深夜だという実感もなく、ドアを開けて彼を部屋に入れた。彼はトレイに目もくれず、机に座って話し始めた。しばらくの間、私は混乱したが、本当はウェイターではないことがわかった。次に考えたのは、私の本が理由で私と仲良くしたい誰かが、ホテルの部屋を見つけた、ということだ。真夜中を過ぎて知らない人から電話や訪問があった場合、それは話したくない相手であることが経験的にわかっているので、すぐ帰ってもらうように努め始めた。
その男は、人類は鎖につながれている、ということを言った。そして、ホロコーストにより、あるカップルが殺されたため、重力の謎を解明したであろう人物が誕生せず、その結果、われわれ人類は死につつある惑星に閉じ込められたままだ、という興味深い考えを述べた。
こうして、私が今まで経験したことのない驚異的な会話がはじまった。会話のメモをしていたのだが、その内容を発表するのに2年もかかり、しかもそれは内輪向けであった。というのも、会話の内容を一部誤解しているのでは、と心配し、本を読んだ彼が訂正しに来てくれるのではないか、とすこし期待したからだ。
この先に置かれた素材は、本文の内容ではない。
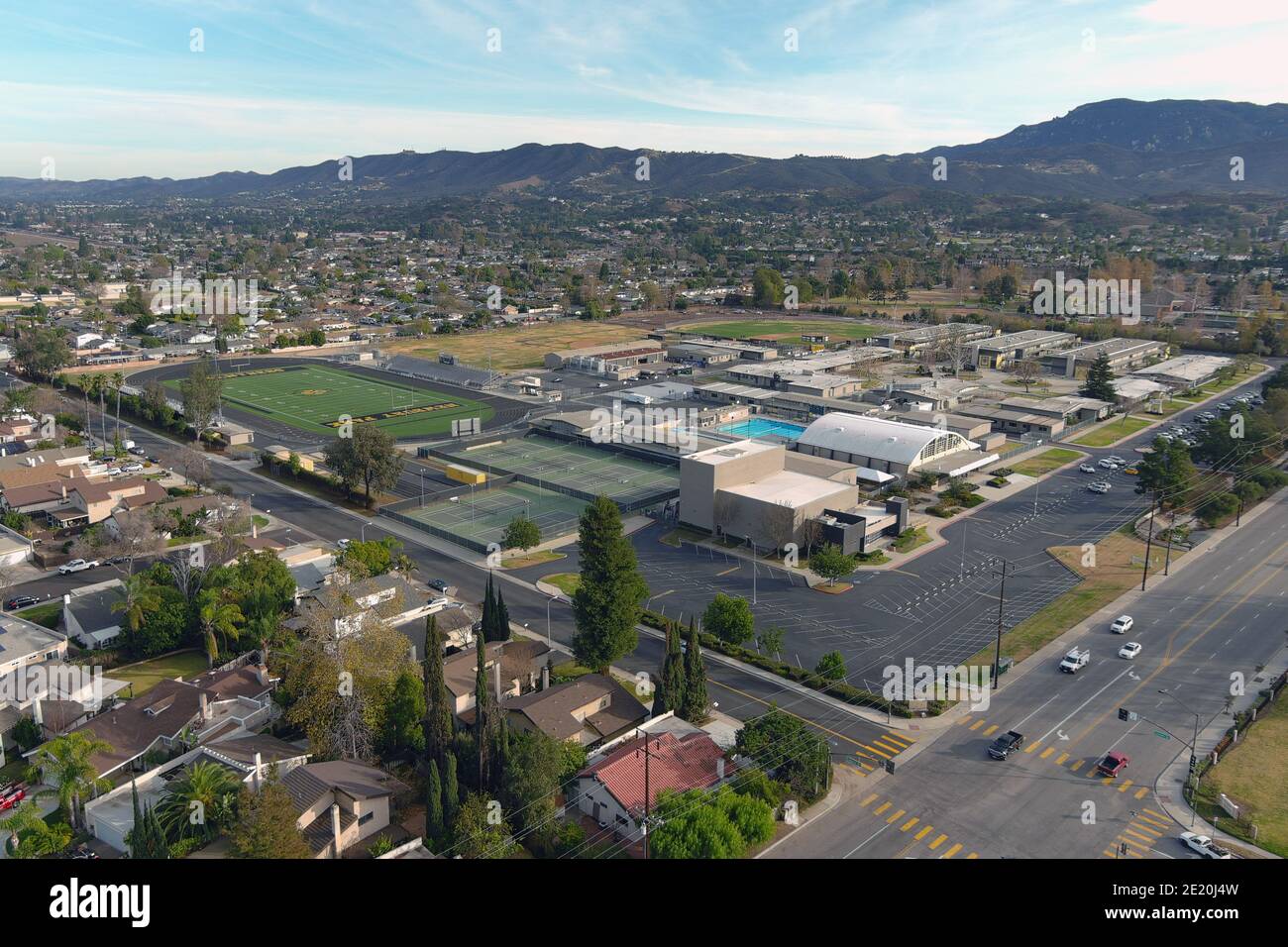 An aerial view of Newbury Park High School, Wednesday, Jan. 6, 2020, in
会見後、2度と彼に会えなかったので、このようになったのだ。名前も住所も知らないし、わかっているのは彼の人相と、会話の途中で彼自身について述べたちょっとした内容だけだ。彼が窓枠に腰掛けて私の前にいたとき、彼の名前や住所を聞いたり、名刺をお願いしようなどという考えは、その時は思い浮かばなかった。メモをとり、質問をするのに忙しかったのだ。